Wetterbericht für Deutschland für den 17.10.2019: Ziemlich nass, aber dafür ganz schön warm

Platz 1 in Sachen Sonnenschein geht heute mal wieder in den Süden Deutschlands. Insbesondere südlich der Donau können Sie sich nämlich gerne mal über 7 bis 9 Sonnenstunden freuen. Ansonsten sind es von der Bodenseeregion bis nach Sachsen häufig 4 bis 7 sonnige Betriebsstunden. Und auch vom Niederrhein bis herauf ins Nordseeumfeld spiegeln sich erste zaghafte Aufhellungen, die nachmittags immer häufiger werden in Zahlen wider. Hier bringt es die Sonne nämlich - nebst gelegentlicher Schauer - immerhin noch auf 3 bis 6 Stunden. Im großen Rest bleibt es dagegen ziemlich grau mit zeitweiligem Regen.

Die Frühwerte zeigen sich - gewärmt durch die Wolkendecke - recht mild bei 10 bis 14 Grad. Richtung Süden und Südosten ist es unterm klaren Himmel hingegen frischer mit meist 2 bis 9 Grad und gelegentlichem Bodenfrost. Tagsüber bleibt es in der südwestlichen Strömung ebenfalls oft warm mit rund 1 bis 3 Grad überm jahreszeitlichen Durchschnitt. Und das heißt: mit viel Sonne werden es 19 bis 21 Grad. Im übrigen Land sind es 14 bis 18 Grad. 

Die Großwetterlage: Kommt da eine stabile Hochdruckphase?

Das umfangreiche Atlantiktief Thilo nähert sich zwar Deutschland, schwächt sich aber auch langsam ab. So kann Zwischenhocheinfluss vor allem im Südosten Deutschlands für ein paar Tage goldenen Oktober sorgen. Die Nordwesthälfte und die Mitte Deutschlands werden dagegen immer wieder von Tiefausläufern mit ihren Wolken- und Regengebieten erfasst.

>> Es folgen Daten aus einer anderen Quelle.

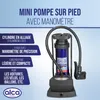 alca® Pompe à pied 11 bar avec manomètre et valve Voir les images du produit 2
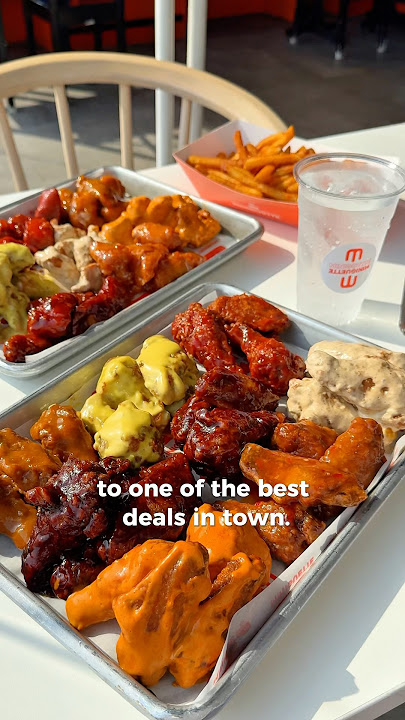 UNLIMITED wings, fries & drinks for 65 AED per person in Dubai🔥 #dubai #wings #uae #unlimited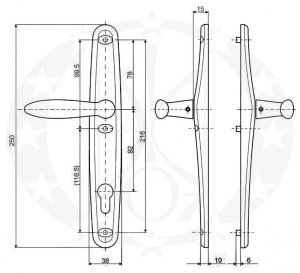 Ручка STUBLINA ELIT 92 PZ коричнева (1025.00.312)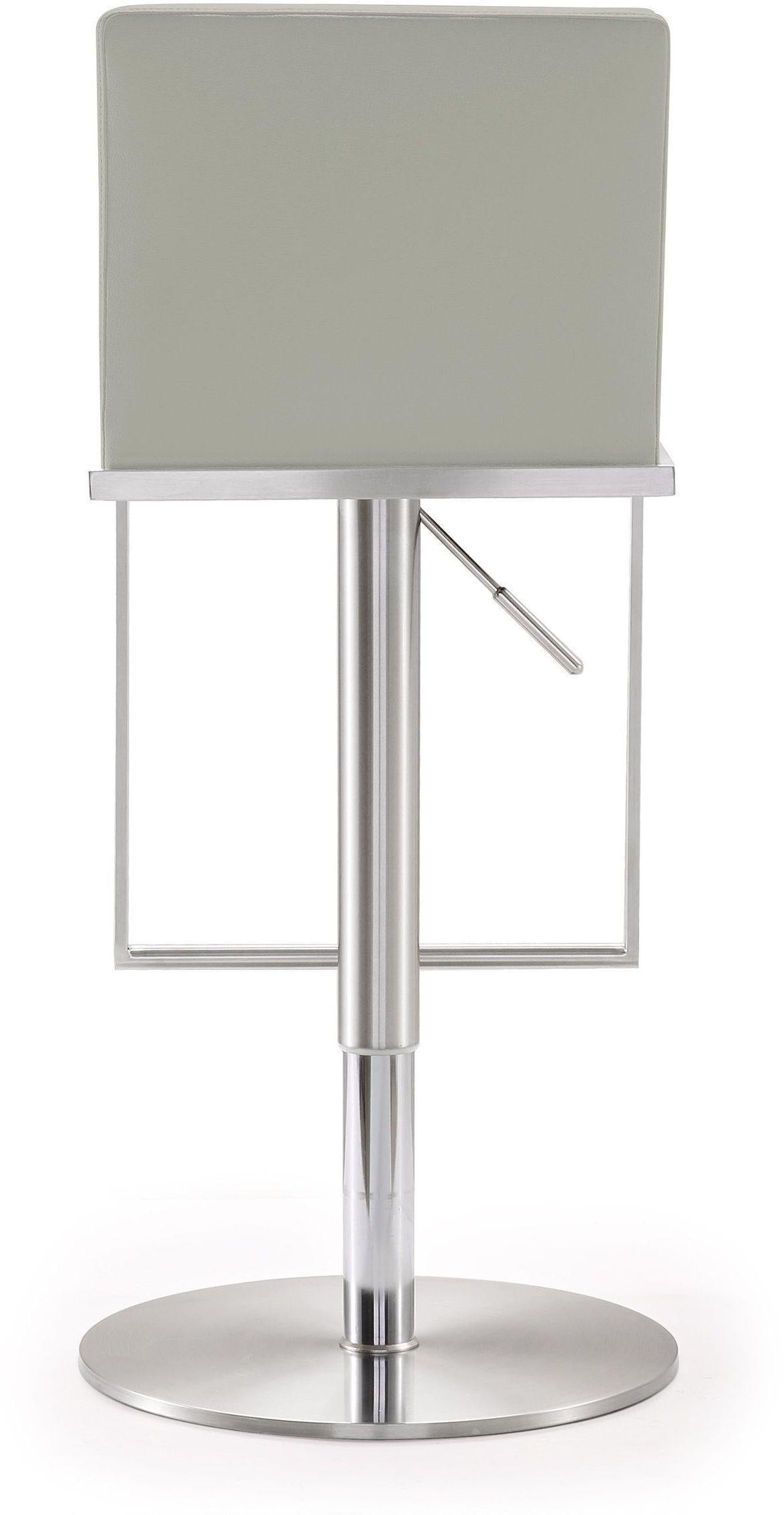 TOV Amalfi Light Grey Performance Vegan Leather Stool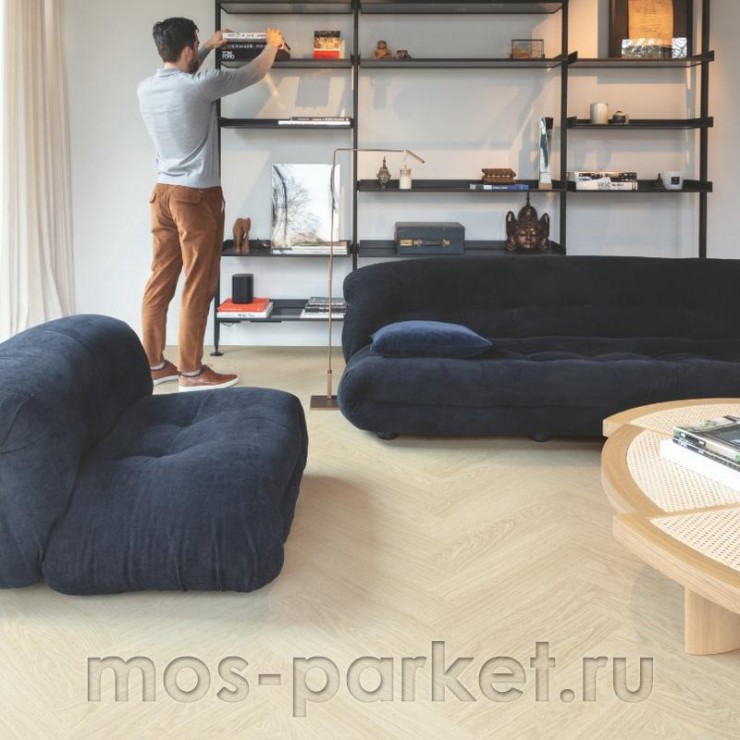 Замковый виниловый пол Quick-Step Alpha Vinyl Ciro AVHBU40361 Дуб чистый полярный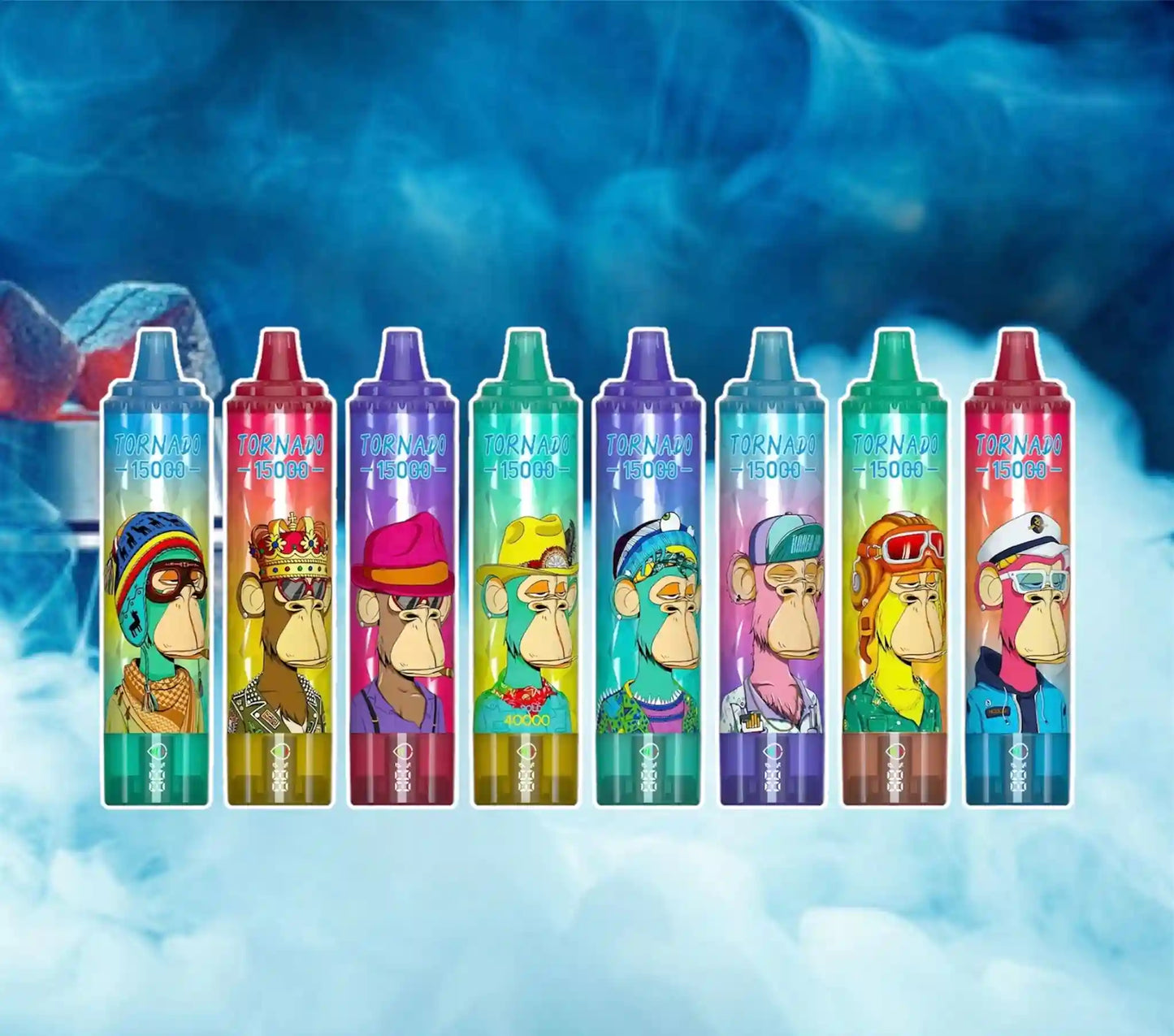 PUFF 15000 TORNADO RandM - 16 parfums
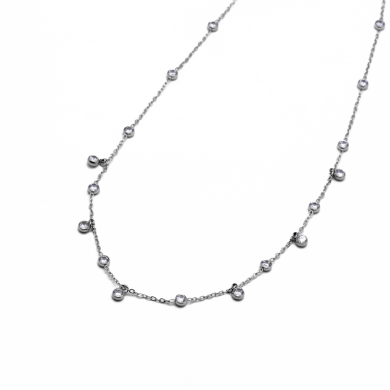 COLLAR ZO15579N PLATEADO Acero Inoxidable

Da wir es dabei mit einer kräftigen südlichen bis südwestlichen Strömung zu tun haben, kommen relativ warme Luftmassen aus subtropischen Gefilden zu uns. Möglicherweise baut sich im Laufe der kommenden Woche eine stabile Hochdruckzone auf, die sich über Mitteleuropa spannt. 

Ausblick: Noch recht viel Regen bis zum Wochenende

Am Freitag bleibt die Osthälfte im Sonnenvorteil. Weiter westwärts ist es unbeständiger und ab und an sind Schauer unterwegs. Die Temperaturen bleiben mild. Höchstwerte liegen bei 12 Grad im Hunsrück, rund 17 Grad in Vorpommern bis 19 Grad in der Oberlausitz. Auf den westlichen Mittelgebirgen und an der Nordsee sind Sturmböen nicht auszuschließen.

Der Samstag verläuft verbreitet bewölkt mit Regengüssen und gelegentlichen Gewittern im Nordwesten. Mehr Chancen auf einen freundlichen und trockenen Start ins Wochenende bestehen von den Alpen bis herauf in die Lausitz. Von Westen her kommen im Laufe des Tages neue Schauer auf. Dazu erreichen die Temperaturen zwischen 12 Grad in der Eifel und 18 Grad in Sachsen.